Siamo ancora convinti che la criminalità sia un prodotto della miseria, dell’ingiustizia e della scarsa istruzione. Noi pensiamo al criminale come ad un individuo limitato, perseguitato, forse anche un po psicopatico, che viola la legge spinto da qualche disperato bisogno, e il tossicomane è una sorta di archetipo contemporaneo di questa persona. Tanto è vero che non molto tempo fa, quando si seppe che la maggior parte degli atti di violenza compiuti per le strade di New York non era opera di drogati, la notizia fu accolta con scetticismo e sbigottimento, cioè con un’immagine speculare della perplessità dei nostri antenati vittoriani.

La criminalità è diventata un argomento legittimo d’indagine accademica a partire dal 1870, e negli anni successivi i criminologi hanno contestato tutti i vecchi stereotipi arrivando a una nuova teoria del delitto che però non è mai stata accettata dai profani.

Oggi gli esperti concordano sui seguenti punti:

1) Il delitto non è conseguenza della povertà. La maggior parte dei reati viene commessa per avidità, non per bisogno.

2) Non è vero che i criminali siano uomini di intelligenza limitata; probabilmente anzi è vero il contrario. Gli studi sulla popolazione carceraria dimostrano che nei test d’intelligenza i reclusi danno risultati equivalenti a quelli della popolazione in genere, benché essi costituiscano soltanto una frazione dei violatori della legge, quelli che si sono fatti acciuffare.

3) La stragrande maggioranza delle attività criminali rimane impunita. Gli specialisti sostengono che viene denunciato solo dal 3 al 5 per cento dei reati, e che dei reati denunciati ne viene risolto soltanto il 15-20 per cento. Questo vale anche per i reati più gravi, omicidio compreso. I patologi della polizia si mettono in genere a ridere quando sentono dire che “tutti i nodi vengono al pettine”.

I criminologi contestano anche un’altra convinzione tradizionale, quella che “il delitto non paga”. Dobbiamo toglierci dalla mente l’idea che il delitto non renda.
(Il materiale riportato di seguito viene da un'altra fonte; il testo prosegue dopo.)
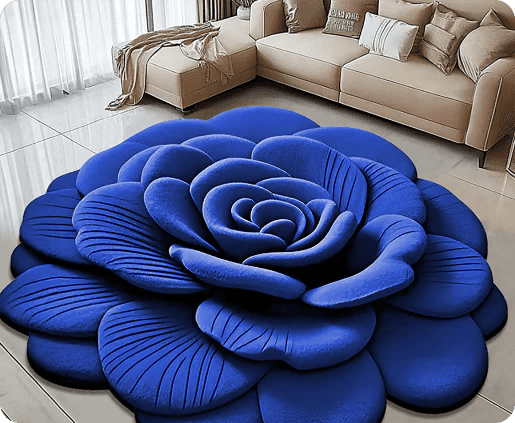Floral 3D Fast Drying Diatomite Mat™ | Sklihemmende matte for gulv og bad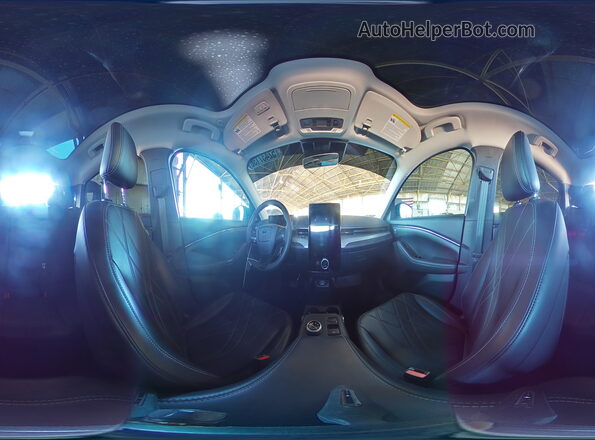 3FMTK2R73NMA43377 2022 FORD MUSTANG Blue Vista interior de 360 grados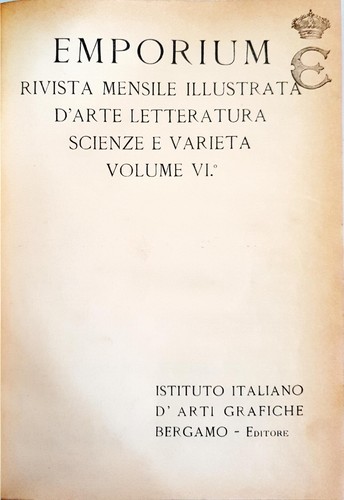 Emporium rivista mensile - emporium,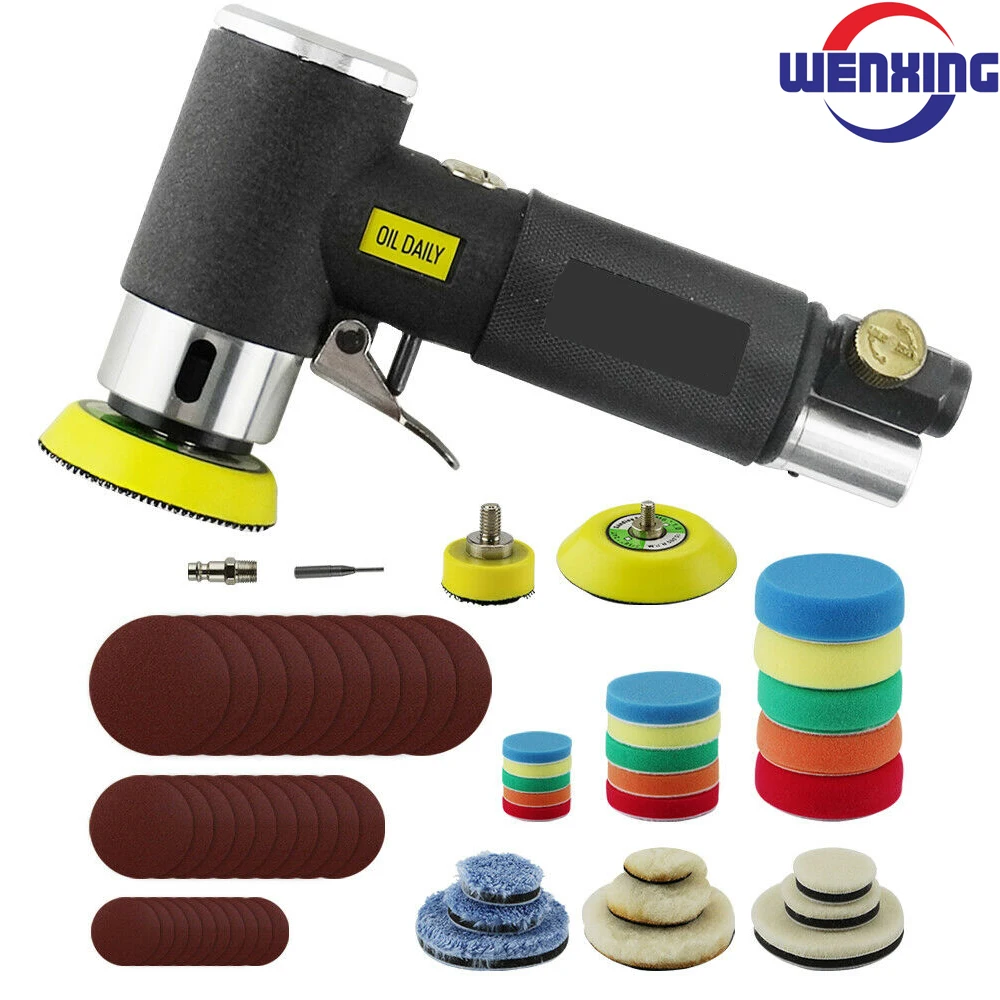 WENXING Orbit szlifierka pneumatyczna Mini pneumatyczna 1 "/2"/3 "zestaw szlifierek do polerowania samochodu szybka polerka zasilana powietrzem narzędzie pneumatyczne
La realtà è che rende, e rende più del lavoro onesto.

Sono solo i moralisti a credere che il delitto non paghi.

Il nostro atteggiamento morale nei confronti del delitto spiega una nostra singolare ambivalenza di fronte al comportamento criminale.

Da un lato lo si teme, lo si disprezza, lo si condanna a gran voce, ma al tempo stesso lo ammiriamo in segreto e siamo sempre ansiosi di conoscere i particolari di certe clamorose imprese criminali.

Questo atteggiamento era già chiaramente diffuso nel 1855, infatti la grande rapina al treno non fu soltanto definita scandalosa e spaventosa, ma anche audace, ardita e magistrale.

Un altro atteggiamento che abbiamo in comune con i vittoriani, è quello di credere nell’esistenza di una “classe criminale”, espressione con la quale intendiamo una sottocultura di criminali professionisti che si guadagnano da vivere violando le leggi della società che li circonda.

Oggi questa classe la chiamiamo mafia o malavita, e ci interessa conoscere il suo codice morale, il suo sistema capovolto di valori, il suo particolare linguaggio e i suoi modelli di comportamento.